Markets have rebounded from their recent lows and appear to be resuming their uptrend. Below is a weekly chart of the S&P 500 (click on image).
1. Area between the two blue lines shows the long term trend of the market since mid 2009. So far we have stayed within those trend lines.
2. Higher low in September as compared to the October low of 2014 is positive.
3. Red dashed line shows intermediate trend line which we crossed under and deserves watching.
4. Price has gone back above trend lines and the 22wk moving average is above the 52wk moving average which are both positive signs.
So based on this chart the questions I am asking are:
Will price go back below moving averages and close the week there and will 22wk ma go below 52wk ma and also close the week in that position?
Will we make a higher high in the coming months or a lower low?
Right now I think the probabilities favor the uptrend for several reasons including those just mentioned.
Below is a chart that measures how much cash is flowing into a Rydex Bear fund as a percentage of total cash flows (pos or neg) into the fund. Or rather, how much money is shorting the market on any given week? The S&P 500 is in the upper panel and the Rydex short ratio is in the lower panel (Click on image).

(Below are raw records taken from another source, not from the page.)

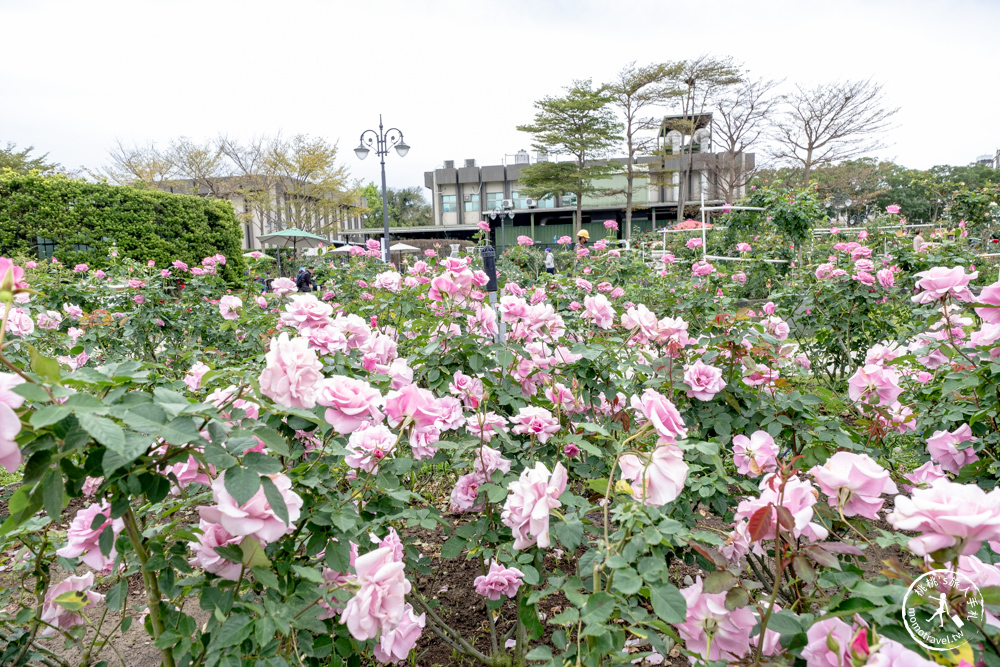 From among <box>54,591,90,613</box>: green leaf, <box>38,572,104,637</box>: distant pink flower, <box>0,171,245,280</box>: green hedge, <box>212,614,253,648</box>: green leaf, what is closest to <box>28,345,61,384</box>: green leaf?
<box>212,614,253,648</box>: green leaf

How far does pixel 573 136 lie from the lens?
2852 cm

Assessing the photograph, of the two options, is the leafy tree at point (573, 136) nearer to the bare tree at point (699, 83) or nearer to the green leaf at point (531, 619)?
the bare tree at point (699, 83)

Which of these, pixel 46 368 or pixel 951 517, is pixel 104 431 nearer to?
pixel 46 368

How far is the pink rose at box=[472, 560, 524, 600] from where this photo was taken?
1.32m

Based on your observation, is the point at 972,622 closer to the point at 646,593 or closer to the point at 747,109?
the point at 646,593

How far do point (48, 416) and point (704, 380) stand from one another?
57.5 inches

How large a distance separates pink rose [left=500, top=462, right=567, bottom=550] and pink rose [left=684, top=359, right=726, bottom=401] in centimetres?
77

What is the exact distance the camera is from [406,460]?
1160mm

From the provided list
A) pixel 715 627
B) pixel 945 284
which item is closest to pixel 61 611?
pixel 715 627

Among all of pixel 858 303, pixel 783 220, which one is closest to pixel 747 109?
pixel 783 220

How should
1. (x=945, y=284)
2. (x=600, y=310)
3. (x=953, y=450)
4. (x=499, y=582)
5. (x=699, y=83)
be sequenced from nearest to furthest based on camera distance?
(x=499, y=582) < (x=953, y=450) < (x=945, y=284) < (x=600, y=310) < (x=699, y=83)

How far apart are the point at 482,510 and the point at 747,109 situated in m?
28.8

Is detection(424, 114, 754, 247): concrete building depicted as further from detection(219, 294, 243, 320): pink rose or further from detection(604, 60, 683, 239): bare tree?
detection(219, 294, 243, 320): pink rose

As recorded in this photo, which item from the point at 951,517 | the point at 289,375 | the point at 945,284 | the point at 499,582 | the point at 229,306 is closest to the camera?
the point at 951,517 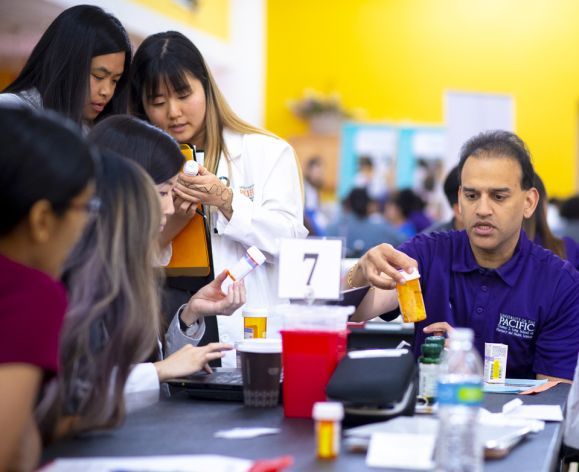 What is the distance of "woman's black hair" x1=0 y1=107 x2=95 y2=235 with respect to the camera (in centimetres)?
127

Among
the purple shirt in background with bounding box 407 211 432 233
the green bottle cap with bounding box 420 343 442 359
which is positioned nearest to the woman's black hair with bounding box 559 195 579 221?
the purple shirt in background with bounding box 407 211 432 233

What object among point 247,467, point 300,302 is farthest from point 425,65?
point 247,467

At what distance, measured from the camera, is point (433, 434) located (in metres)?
1.52

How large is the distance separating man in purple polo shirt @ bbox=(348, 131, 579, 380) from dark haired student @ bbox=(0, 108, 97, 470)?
3.69 ft

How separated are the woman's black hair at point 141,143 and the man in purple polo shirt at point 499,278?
56 centimetres

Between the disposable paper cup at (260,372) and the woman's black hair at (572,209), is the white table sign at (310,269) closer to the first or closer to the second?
the disposable paper cup at (260,372)

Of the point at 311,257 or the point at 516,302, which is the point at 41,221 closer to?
the point at 311,257

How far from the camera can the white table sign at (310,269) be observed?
1858 mm

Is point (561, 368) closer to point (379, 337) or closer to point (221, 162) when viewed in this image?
point (221, 162)

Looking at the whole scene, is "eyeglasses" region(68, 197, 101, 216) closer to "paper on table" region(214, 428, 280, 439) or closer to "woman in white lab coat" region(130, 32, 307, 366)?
"paper on table" region(214, 428, 280, 439)

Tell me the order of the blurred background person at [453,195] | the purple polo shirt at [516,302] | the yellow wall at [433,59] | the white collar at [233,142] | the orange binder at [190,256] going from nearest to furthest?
the purple polo shirt at [516,302], the orange binder at [190,256], the white collar at [233,142], the blurred background person at [453,195], the yellow wall at [433,59]

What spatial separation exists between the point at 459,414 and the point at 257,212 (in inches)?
51.9

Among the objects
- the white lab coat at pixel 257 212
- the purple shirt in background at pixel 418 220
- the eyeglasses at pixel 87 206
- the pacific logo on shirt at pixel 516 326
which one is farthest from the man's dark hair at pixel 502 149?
the purple shirt in background at pixel 418 220

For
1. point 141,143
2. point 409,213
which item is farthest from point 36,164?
point 409,213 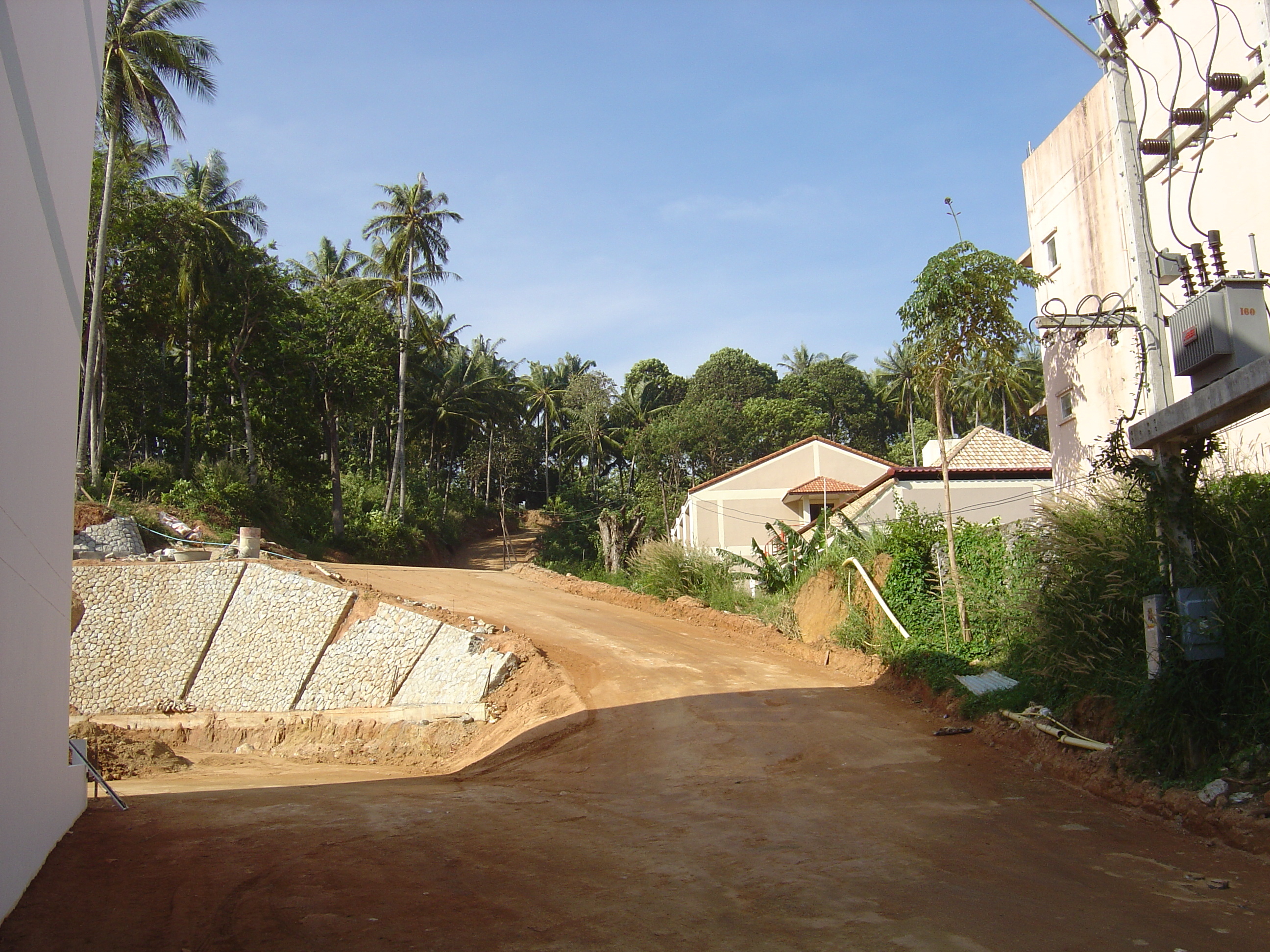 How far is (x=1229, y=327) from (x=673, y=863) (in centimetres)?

First, each peak in the lower panel shows the high level of shorting occurring in the market. Once that peak turns over, the market begins resuming its previous uptrend indicated in the upper panel. The recent peak in market shorting and the current short covering that is occurring indicates investor behavior that is a little panicked and afraid of missing an uptrend.

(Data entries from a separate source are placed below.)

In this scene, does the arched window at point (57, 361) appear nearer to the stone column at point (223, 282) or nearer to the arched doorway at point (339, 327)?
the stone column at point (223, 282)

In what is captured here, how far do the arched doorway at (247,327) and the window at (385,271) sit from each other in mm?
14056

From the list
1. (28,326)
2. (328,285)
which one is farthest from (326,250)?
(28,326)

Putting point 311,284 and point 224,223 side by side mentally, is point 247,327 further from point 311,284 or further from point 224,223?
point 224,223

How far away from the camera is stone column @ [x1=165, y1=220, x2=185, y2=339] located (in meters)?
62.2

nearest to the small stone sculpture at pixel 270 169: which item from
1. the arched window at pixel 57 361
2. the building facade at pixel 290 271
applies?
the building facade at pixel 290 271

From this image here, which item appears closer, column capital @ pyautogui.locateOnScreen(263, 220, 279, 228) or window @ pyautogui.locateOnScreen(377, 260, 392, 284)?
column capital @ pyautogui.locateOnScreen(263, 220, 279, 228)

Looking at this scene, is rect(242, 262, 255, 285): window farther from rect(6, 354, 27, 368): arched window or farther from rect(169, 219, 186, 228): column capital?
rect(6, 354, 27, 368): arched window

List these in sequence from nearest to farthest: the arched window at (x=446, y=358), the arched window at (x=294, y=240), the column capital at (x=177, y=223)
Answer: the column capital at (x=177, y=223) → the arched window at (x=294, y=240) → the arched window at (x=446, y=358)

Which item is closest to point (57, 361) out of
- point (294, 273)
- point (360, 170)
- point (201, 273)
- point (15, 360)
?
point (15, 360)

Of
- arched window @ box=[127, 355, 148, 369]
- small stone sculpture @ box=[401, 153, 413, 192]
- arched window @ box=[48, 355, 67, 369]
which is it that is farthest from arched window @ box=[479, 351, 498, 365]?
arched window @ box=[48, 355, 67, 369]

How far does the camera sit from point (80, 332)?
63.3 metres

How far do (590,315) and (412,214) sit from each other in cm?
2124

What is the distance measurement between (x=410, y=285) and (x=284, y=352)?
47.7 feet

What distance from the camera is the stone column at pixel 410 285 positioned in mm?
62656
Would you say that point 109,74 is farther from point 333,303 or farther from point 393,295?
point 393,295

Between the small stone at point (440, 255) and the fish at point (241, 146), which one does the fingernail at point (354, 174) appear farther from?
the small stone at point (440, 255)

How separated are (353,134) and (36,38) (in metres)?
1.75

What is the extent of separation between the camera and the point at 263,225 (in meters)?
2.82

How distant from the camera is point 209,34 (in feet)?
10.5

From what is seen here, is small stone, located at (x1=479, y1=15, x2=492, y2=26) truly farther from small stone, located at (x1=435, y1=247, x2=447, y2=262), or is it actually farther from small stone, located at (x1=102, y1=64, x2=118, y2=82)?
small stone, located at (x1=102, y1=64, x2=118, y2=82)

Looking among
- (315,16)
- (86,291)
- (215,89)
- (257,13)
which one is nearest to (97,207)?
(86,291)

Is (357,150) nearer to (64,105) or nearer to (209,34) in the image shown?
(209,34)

Second, central bankers around the world are attempting to stimulate their own markets. The Peoples Bank of China cut their rate last week and the head of the European Central Bank hinted at more QE coming in December (via The Guardian).
Lastly, if you refer back to the first chart, you can see that the last quarter of each year tends to be positive for the markets. The old adage “Sell in May and go away” ends its annual 6 month run, and while data doesn’t always support that idea, human behavior usually does not disappoint.
In conclusion, the combining of price momentum, central banks stimulating, a crowded short sentiment reading, and a historically positive last quarter leads to a higher probability of a continued uptrend.